What the task asks: The copy you give must match the listing below exactly and contain no pictures.

Exercise data:
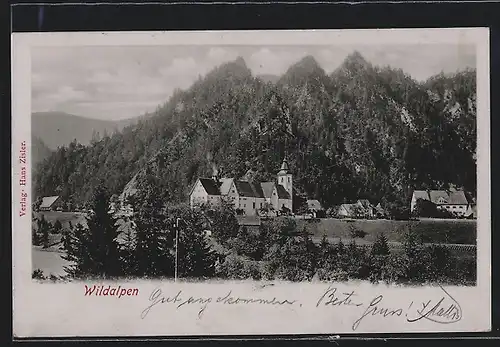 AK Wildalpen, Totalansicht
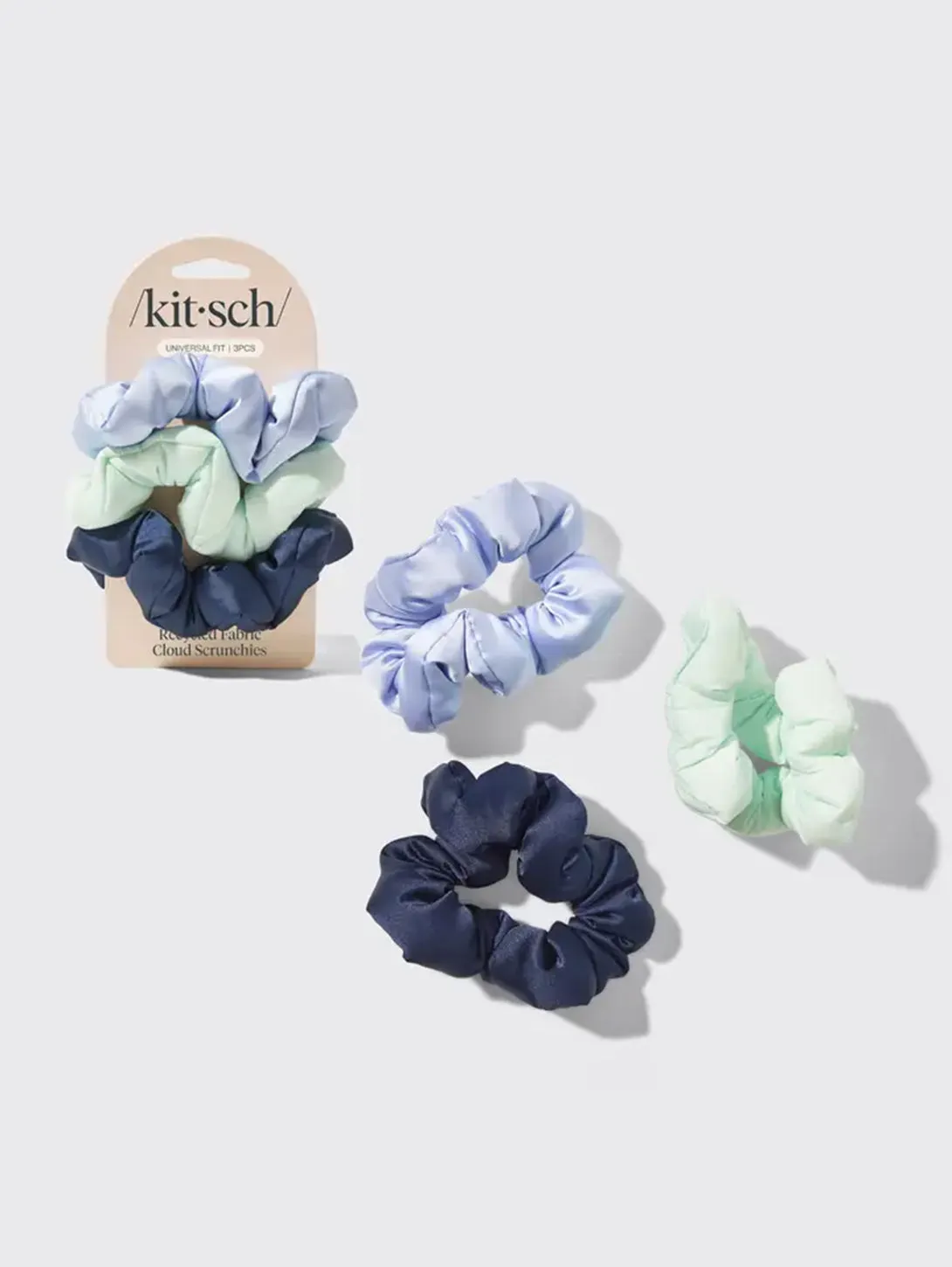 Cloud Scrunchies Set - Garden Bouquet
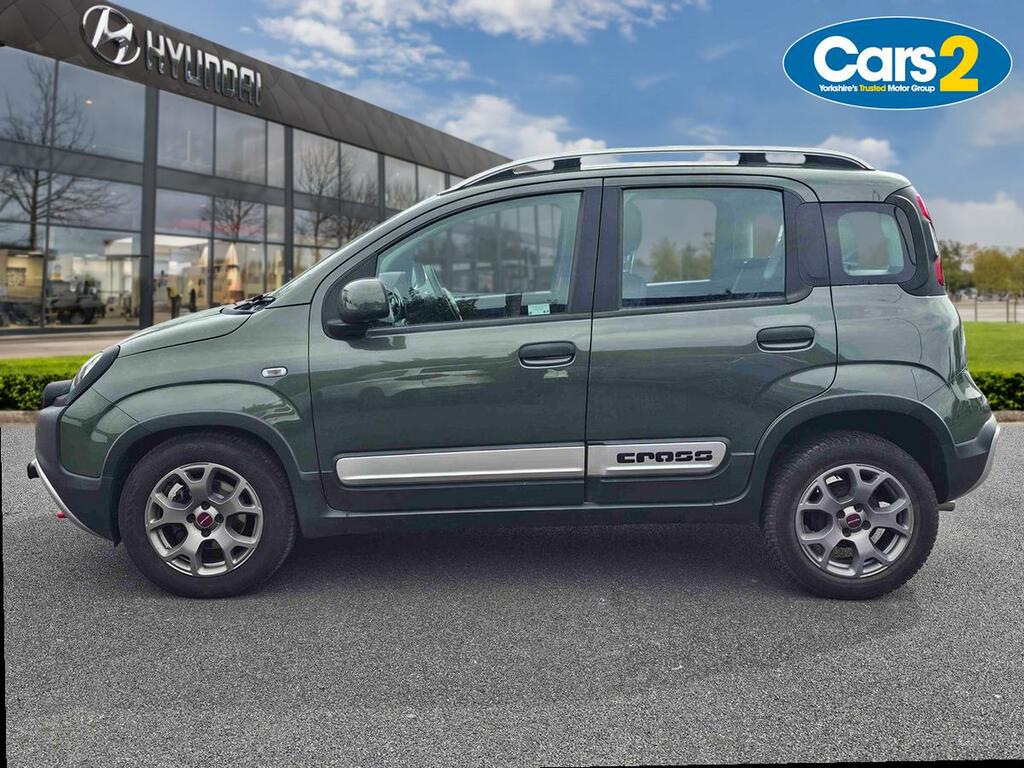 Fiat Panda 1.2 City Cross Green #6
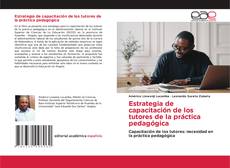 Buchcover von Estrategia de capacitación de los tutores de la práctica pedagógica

Reply:
 AK Wildalpen, Totalansicht
 Cloud Scrunchies Set - Garden Bouquet
 Fiat Panda 1.2 City Cross Green #6
 Buchcover von Estrategia de capacitación de los tutores de la práctica pedagógica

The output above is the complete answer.